Giorgia Meloni, Brothers of Italy Party, Wins the Italian Election

Leader of Italian "Fratelli d'Italia" (Brothers of Italy) party, Giorgia Meloni. | Image by Andreas Solaro, AFP, Getty Images

A landslide victory for Giorgia Meloni and the Brothers of Italy party proved the Italian pollster’s predictions correct.

Meloni, 45, the leader of Italy’s largest coalition, will be the first female prime minister in the country, the Associated Press (AP) reports.

“It’s a victory I want to dedicate to everyone who is no longer with us and wanted this night,” said Meloni following the election. “Starting tomorrow we have to show our value … Italians chose us, and we will not betray it, as we never have,” she said.

Her meteoric rise in Italy comes at a crucial time when businesses and households struggle to pay rising gas and electricity bills caused by European energy policies and the war in Ukraine, Reuters reports.

Meloni addressed the energy problem in Milan on Saturday in a speech and referred to Friday’s meetings between European energy ministers. Italy wants a European price restriction on gas to keep prices down, while Germany opposes the notion. However, Berlin promised a €200 billion rescue package to assist German residents and businesses with rising energy costs, measures that other European countries cannot afford, according to Politico.

“Probably many of those reading today’s newspapers will have understood that when we said that in Europe, you start from national interests to arrive at a shared solution,” Meloni said, reports Politico. “We didn’t say it because we were populist but because we were lucid.”

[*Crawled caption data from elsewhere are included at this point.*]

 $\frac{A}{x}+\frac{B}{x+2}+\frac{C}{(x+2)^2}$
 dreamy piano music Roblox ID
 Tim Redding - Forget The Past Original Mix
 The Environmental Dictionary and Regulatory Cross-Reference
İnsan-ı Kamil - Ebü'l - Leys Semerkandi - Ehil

She said Italy’s attitude must return to defending its national interests and called for a change in the coming months. change in the coming months, according to. She said that views do not imply a negative attitude toward Europe but rather a positive attitude toward Italy.

“We must start from the national interests,” she said.

Given Meloni’s criticism of “Brussels bureaucrats” and her ties to other populist leaders, Fox News reports, European leaders were very interested in what kind of government the Eurozone’s third-largest economy might get.

Meloni told voters and interviewers that she wanted to change the European Union rather than abandon it, Time reports.

She has assured Europeans and Americans that she fully supports NATO and Ukraine in their fight against Russia’s invasion. She has assured Brussels that she wants to improve, not rip up, financial agreements with the E.U.

These assurances will, at least initially, protect her government. With the second-highest debt-to-GDP ratio in the E.U., Italy desperately needs access to the 200 billion euros in COVID Recovery funds promised by the European Commission in exchange for fiscal and other reforms.

Italy also relies on the European Central Bank to keep buying its debt. A sputtering economy, high inflation, and an impending energy crisis exacerbated by Russia’s war in Ukraine and an E.U. bid to wean Europe off Russian energy will only make that funding more necessary, according to Time.

Meloni recently defended Hungary’s Prime Minister Viktor Orban after the European Commission suggested suspending billions of euros in funding to Hungary because of some leaders’ worries about democratic backsliding and possible mismanagement of E.U. money.

Italy’s history is filled with political instability, and the next prime minister will lead the country’s 68th government since 1946, facing a slew of challenges, including rising energy prices and growing economic headwinds, Reuters reports.

The electoral law in Italy favors groups that can form pre-ballot pacts, giving them a disproportionate number of seats in comparison to their vote total.